Navigation: Reference

Formulae

For computing collocation strength, we can use

•the joint frequency of two words: how often they co-occur, which assumes we have an idea of how far away counts as "neighbours". (If you live in London, does a person in Liverpool count as a neighbour? From the perspective of Tokyo, maybe they do. If not, is a person in Oxford? Heathrow?)

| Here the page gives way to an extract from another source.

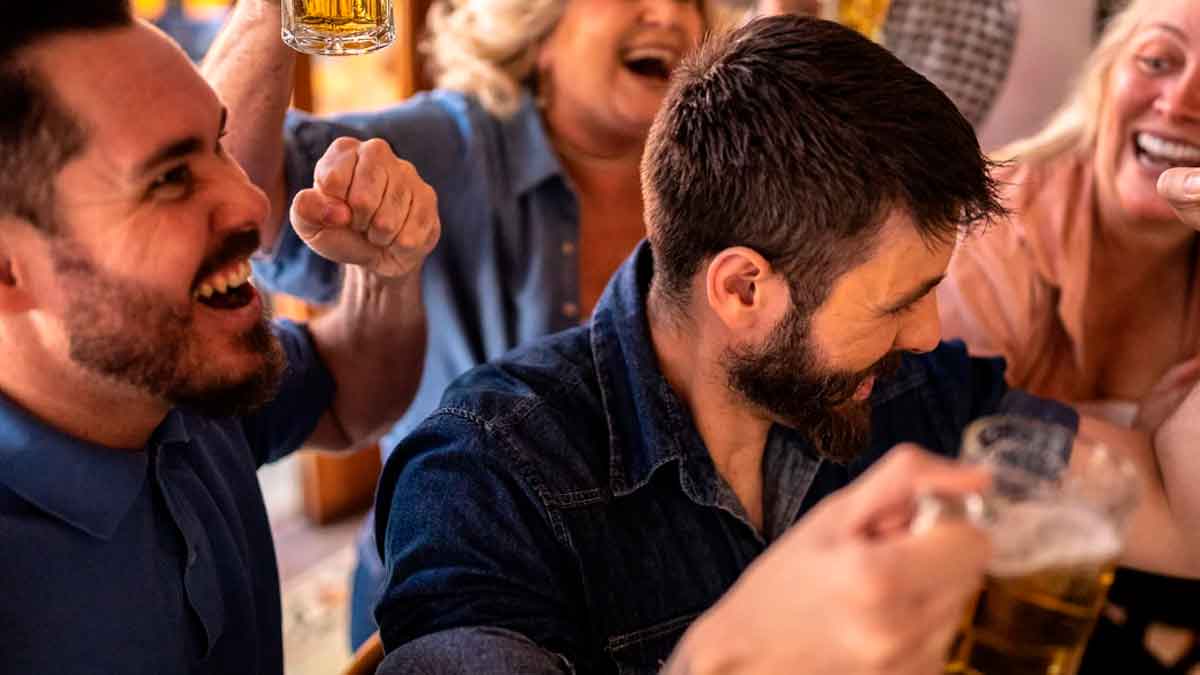Grupo de amigos celebrando la tardebuena en un bar, brindando con cervezas durante la Navidad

•the frequency word 1 altogether in the corpus

•the frequency of word 2 altogether in the corpus

•the span or horizons we consider for being neighbours

•the total number of running words in our corpus: total tokens

Mutual Information

Log to base 2 of (A divided by (B times C))

where

A = joint frequency divided by total tokens

B = frequency of word 1 divided by total tokens

C = frequency of word 2 divided by total tokens

MI3

Log to base 2 of ((J cubed) times E divided by B)

where

J = joint frequency

F1 = frequency of word 1

F2 = frequency of word 2

E = J + (total tokens-F1) + (total tokens-F2) + (total tokens-F1-F2)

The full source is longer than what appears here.